Religion even boasts a special branch of itself, devoted to the study of the end. It calls itself «eschatology», and broods incessantly on the passing away of all earthly things. This death cult refuses to abate, even though we have every reason to think that «earthly things» are all that we have, or are ever going to have. Yet in our hands and within our view is a whole universe of discovery and clarification, which is a pleasure to study in itself, gives the average person access to insights that not even Darwin or Einstein possessed, and offers the promise of near-miraculous advances in healing, in energy, and in peaceful exchange between different cultures. Yet millions of people in all societies still prefer the myths of the cave and the tribe and the blood sacrifice. The late Stephen Jay Gould generously wrote that science and religion belong to «non-overlapping magisteria». They most certainly do not overlap, but this does not mean that they are not antagonistic.

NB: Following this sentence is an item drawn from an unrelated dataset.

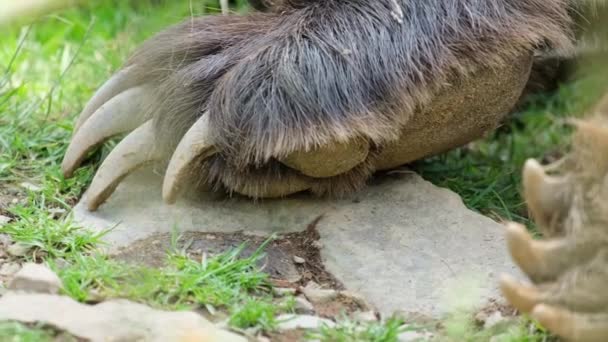 En stor grizzlybjörn sover i skogen. Vild natur. — Stockvideo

Religion has run out of justifications. Thanks to the telescope and the microscope, it no longer offers an explanation of anything important. Where once it used to be able, by its total command of a worldview, to prevent the emergence of rivals, it can now only impede and retard — or try to turn back — the measurable advances that we have made. Sometimes, true, it will artfully concede them. But this is to offer itself the choice between irrelevance and obstruction, impotence or outright reaction, and, given this choice, it is programmed to select the worse of the two. Meanwhile, confronted with undreamed-of vistas inside our own evolving cortex, in the farthest reaches of the known universe, and in the proteins and acids which constitute our nature, religion offers either annihilation in the name of god, or else the false promise that if we take a knife to our foreskins, or pray in the right direction, or ingest pieces of wafer, we shall be «saved». It is as if someone, offered a delicious and fragrant out-of-season fruit, matured in a painstakingly and lovingly designed hothouse, should throw away the flesh and the pulp and gnaw moodily on the pit.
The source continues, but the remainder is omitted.